I wrote this a couple of days ago:
I’ve been thinking about trains recently; where we live isn’t that far from the railway line, just over half a mile as the seagull flies I would guess, and from my little upstairs room where I write I can hear the trains roaring past. I was looking out the window and was aware of a train, unseen, rattling its way either to or from the town and I had a memory of a short train journey I once made from an airport into London.
The reason I’ve been more aware than usual of passing trains is that we have a lodger, the dog, Reg. He takes a while to settle at night and over the last week I’ve found myself standing on the midnight doorstep, while he wanders round sniffing, and I listen to the sounds of the night which include the nearby trains. It’s a night sound from childhood, probably from babyhood.
My first fourteen years were spent living in a flat. For the first few years of those fourteen, there was not much beyond the back wall, allotments, rough land, a few houses, some roads with 1930’s houses, and then the railway line. I must have heard steam engines pulling their carriages or freightwagons, as well as more modern diesel and electric. We then moved to Weston, and we lived on Bleadon Hill, a couple of hundred yards at the most from the Bleadon railway bridge, known as Devil’s Bridge, – if not built by Brunel, then at least designed by him. I moved away to Manchester, travelling by train of course, and nearly ten years later I got a job in London. I travelled there by train, and lived in rooms overlooking a railway line. That was the closest I’ve ever lived to a railway line, and loved the sound of the trains at night.
So now we can hear the trains, especially at night. Last year, I challenged myself to write a hundred words a day for a hundred consecutive days. I mentioned trains several times, including here:
Day 31
We’d returned to a former age, when night sounds were the startled squawk of a sleepy bird, anguished cries of foxes, no human voice except muffled from inside homes. Walking at night, alone, the streets empty, curtains drawn, dim lights from bedrooms – the villagers all retired early to bed, there were distinct rattles of empty trains travelling through the dark, a siren, then the unusual engine noise as a single vehicle passed from here to there.
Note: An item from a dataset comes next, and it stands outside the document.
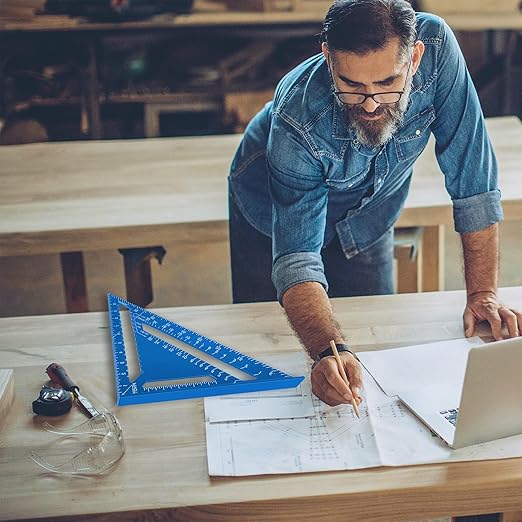 Beslands Aluminum 12-inch Rafter Square Carpenter Measuring Layout Tool Alloy Metal Triangle Ruler Imperial Protractor for Woodworking and Carpentry Blue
Now the night is full of the sound of racing cars, shouts and calls as pub-folk wander home. We have returned to now.
Day48
Night air is different from day air; it’s not the temperature, cool or balmy, muggy or fresh, nor the quality of sound, sometimes travelling from afar – a rattling train, the cry of a fox, the call of an owl. It’s something else. Maybe it is texture, if air can be textured, thick or heavy, soft or sharp, blanketing or piercing. Sometimes, it seems if only we had the right sort of vision, we could see it flowing like water, or sluggish and dense, or rushing through cracks and gaps between the door and frame, or pouring gustily down the chimney.